It was always open for the Insurance Company to have independently assailed the order of rejection in accordance with law. Because of the view that has been taken by this Court that this is not an appeal, also against the order dated 27-4-2007, it is not considered necessary to go into the point of limitation as urged by Mr. P.B. Paul. 10. It will also be relevant to consider the provisions of Section 14(2) of the Act. 149(2) No sum shall be payable by an insurer under sub-section (1) in respect of any judgment or award unless, before the commencement of the proceedings in which the judgment or award is given the insurer had notice through the Court or, as the case may be, the Claims Tribunal of the bringing of the proceedings, or in respect of such judgment or award so long as execution is stayed thereon pending an appeal; and an insurer to whom notice of the bringing of any such proceedings is so given shall be entitled to be made a party thereto and to defend the action on any of the following grounds, namely : (a) that there has been a breach of a specified condition of the policy, being one of the following conditions, namely : (i) a condition excluding the use of the vehicle (a) for hire or reward, where the vehicle is on the date of the contract of insurance a vehicle not covered by a permit to ply for hire or reward, or (b) for organized racing and speed testing, or (c) for a purpose not allowed by the permit under which the vehicle is used, where the vehicle is a transport vehicle, or (d) without side-car being attached where the vehicle is a motor cycle; or (ii) a condition excluding driving by a named person or persons or by any person who is not duly licensed, or by any person who has been disqualified for holding or obtaining a driving license during the period of disqualification; or (iii) a condition excluding liability for injury caused or contributed to by conditions of war, civil war, riot or civil commotion; or (b) that the policy is void on the ground that it was obtained by the non-disclosure of a material fact or by a representation of fact which was false in some material particular. 11.
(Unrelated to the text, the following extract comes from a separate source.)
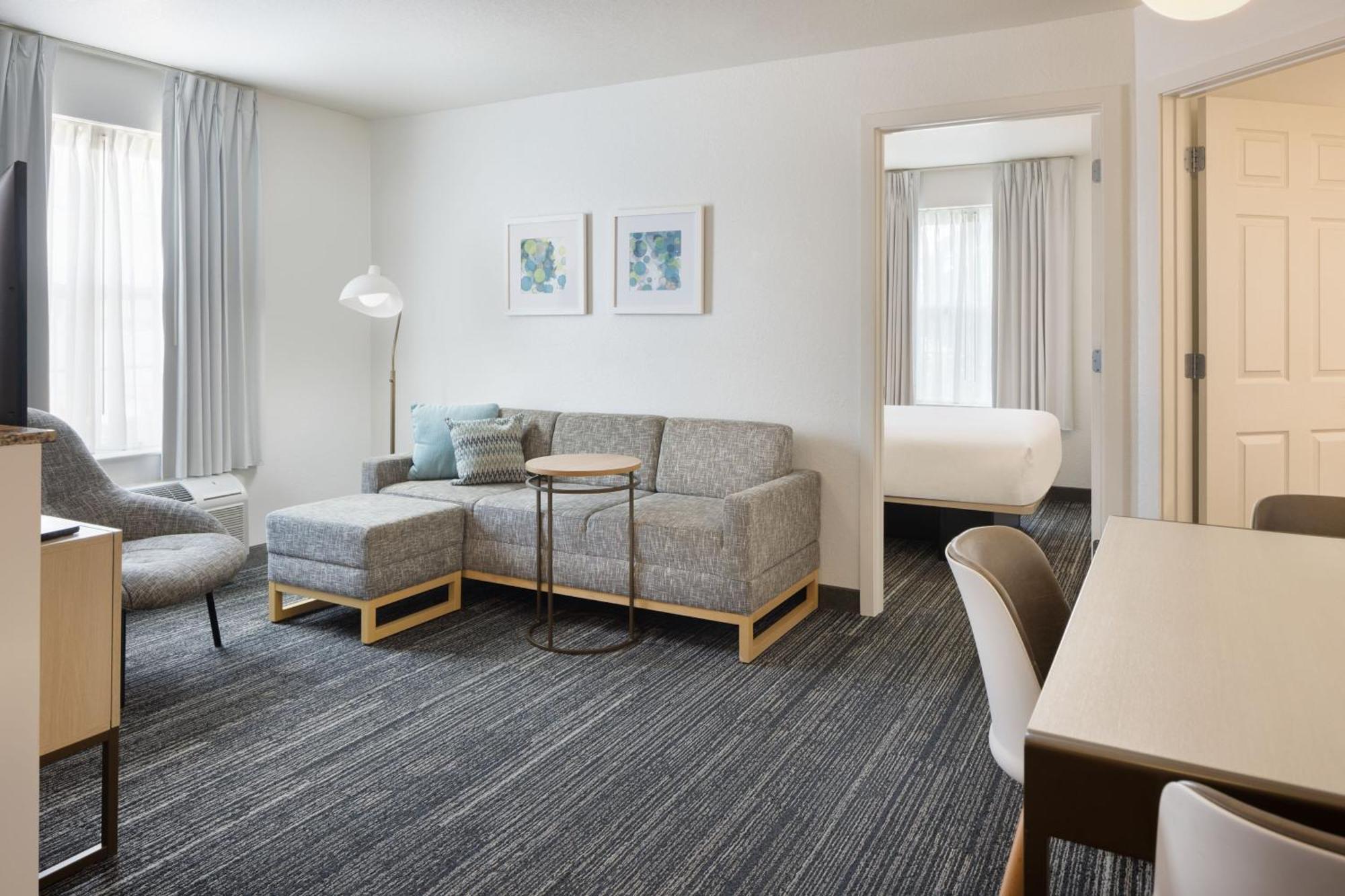 Hotel Towneplace By Marriott 3*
11. On perusal of Section 149(2), it is clear that under the law the insurer is entitled to contest the claim only on the grounds mentioned in Section 149(2) of the Act. In other words, challenge of an insurer must be confined to the statutory defences which are available to the Insurance Company under Section 149(2) of the Act. 12. The submission of Mrs. A. Modi in assailment of the impugned award is that the learned Tribunal without any acceptable materials on record came to a finding that the claimant had lost 60% of hearing capacity due to the injury caused and had also erroneously taken her monthly income to be Rs. 2000/-. It was also projected by her that the learned Tribunal had saddled liability on the owner as well as on the Insurance Company though no case was made out that the accident occurred due to negligence. These are not grounds available to the insurer to contest the claim under Section 149(2)(a) & (b). 13. The Apex Court in Shankarayya and Anr. v. United India Insurance Company Ltd. and Anr. reported in (1998) 3 SCC 140 , had stated thus : 4. It clearly shows that the Insurance Company when impleaded as a party by the Court can be permitted to contest the proceedings on merits only if the conditions precedent mentioned in the section are found to be satisfied and for that purpose the Insurance Company has to obtain order in writing from the Tribunal and which should be a reasoned order by the Tribunal. Unless that procedure is followed, the Insurance Company cannot have a wider defence on merits than what is available to it by way of statutory defence. It is true that the claimants themselves had joined Respondent 1, Insurance Company in the claim petition but that was done with a view to thrust the statutory liability on the Insurance Company on account of the contract of the insurance. That was not an order of the Court itself permitting the Insurance Company which was impleaded to avail of a larger defence on merits on being satisfied on the aforesaid two conditions mentioned in Section 170. Consequently, it must be held that on the facts of the present case, Respondent 1, Insurance Company was not entitled to file an appeal on merits of the claim which was awarded by the Tribunal. 14.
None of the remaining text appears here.